Exercise objective - Each line from the one containing "Clip Art of" through the end of the entries below should be transcribed exactly, and no other line.

(Brief descriptive captions)

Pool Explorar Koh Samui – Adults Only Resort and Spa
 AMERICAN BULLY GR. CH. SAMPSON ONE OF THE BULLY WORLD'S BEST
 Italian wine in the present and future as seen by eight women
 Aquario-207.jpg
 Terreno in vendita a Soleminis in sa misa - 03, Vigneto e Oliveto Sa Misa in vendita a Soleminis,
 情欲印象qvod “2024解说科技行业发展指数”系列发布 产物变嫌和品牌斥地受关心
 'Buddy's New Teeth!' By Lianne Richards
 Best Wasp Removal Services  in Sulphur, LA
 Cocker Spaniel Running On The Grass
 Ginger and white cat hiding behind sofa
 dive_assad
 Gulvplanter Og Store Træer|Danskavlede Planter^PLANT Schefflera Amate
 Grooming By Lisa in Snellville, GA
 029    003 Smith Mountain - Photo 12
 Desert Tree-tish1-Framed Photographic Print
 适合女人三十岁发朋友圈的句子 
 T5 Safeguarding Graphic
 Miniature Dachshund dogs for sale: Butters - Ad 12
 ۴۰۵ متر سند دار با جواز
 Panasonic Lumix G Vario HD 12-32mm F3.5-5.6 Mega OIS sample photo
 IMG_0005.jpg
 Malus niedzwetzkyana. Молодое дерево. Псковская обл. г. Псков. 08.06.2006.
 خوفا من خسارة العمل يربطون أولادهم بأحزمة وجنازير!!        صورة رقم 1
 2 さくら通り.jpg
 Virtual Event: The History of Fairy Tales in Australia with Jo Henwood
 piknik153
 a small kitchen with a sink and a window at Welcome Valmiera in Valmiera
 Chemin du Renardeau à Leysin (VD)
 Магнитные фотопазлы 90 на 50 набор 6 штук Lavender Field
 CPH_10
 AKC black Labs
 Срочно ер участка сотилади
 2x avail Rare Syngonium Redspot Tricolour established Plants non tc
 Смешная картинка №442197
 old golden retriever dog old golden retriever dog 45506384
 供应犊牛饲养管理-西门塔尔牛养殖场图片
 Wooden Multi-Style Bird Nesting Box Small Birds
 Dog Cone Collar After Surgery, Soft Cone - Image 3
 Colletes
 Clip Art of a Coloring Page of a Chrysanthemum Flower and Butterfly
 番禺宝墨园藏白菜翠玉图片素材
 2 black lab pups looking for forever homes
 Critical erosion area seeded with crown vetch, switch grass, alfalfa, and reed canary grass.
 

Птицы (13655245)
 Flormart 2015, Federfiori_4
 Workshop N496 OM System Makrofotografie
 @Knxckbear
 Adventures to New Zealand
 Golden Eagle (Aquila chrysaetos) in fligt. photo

Exercise output -
 Clip Art of a Coloring Page of a Chrysanthemum Flower and Butterfly
 番禺宝墨园藏白菜翠玉图片素材
 2 black lab pups looking for forever homes
 Critical erosion area seeded with crown vetch, switch grass, alfalfa, and reed canary grass.
 

Птицы (13655245)
 Flormart 2015, Federfiori_4
 Workshop N496 OM System Makrofotografie
 @Knxckbear
 Adventures to New Zealand
 Golden Eagle (Aquila chrysaetos) in fligt. photo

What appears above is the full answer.